Applying this rule to the expression 13−5 ⋅13−11, we have:
13^(-5) ⋅ 13^(-11) = 13^(-5 - 11) = 13^(-16).
Since we want an expression with only positive exponents, we can rewrite 13^(-16) as 1/13^16.
Therefore, the equivalent expression is 1/13^16.

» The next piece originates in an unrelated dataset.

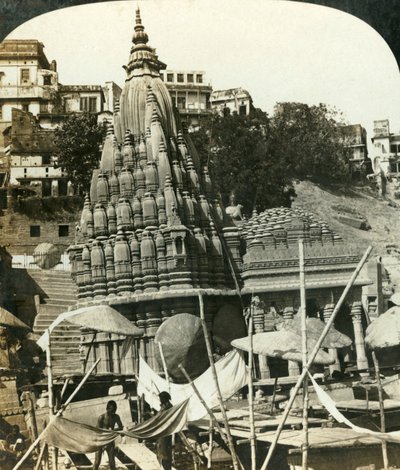 ガンジス川のほとりの寺院、ベナレス、インド、c1909。 作： George Rose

To rewrite the expression with only positive exponents, we can use the property of exponents that states a^(-n) = 1/(a^n).
So, 13−5 can be rewritten as 1/13^5, and 13−11 can be rewritten as 1/13^11.
Therefore, the expression 13−5 ⋅13−11 is equivalent to (1/13^5) ⋅ (1/13^11).
To simplify the expression, we can use the property of exponents that states a^m ⋅ a^n = a^(m+n).
So, (1/13^5) ⋅ (1/13^11) = 1/(13^5 ⋅ 13^11).
To combine the bases with the same exponent, we can use the property of exponents that states a^m ⋅ b^m = (a ⋅ b)^m.
So, 13^5 ⋅ 13^11 can be rewritten as (13 ⋅ 13)^5 ⋅ 13^11 = 169^5 ⋅ 13^11.
Finally, the expression is equivalent to 1/(169^5 ⋅ 13^11).
Therefore, the correct answer is 1/(169^5 ⋅ 13^11).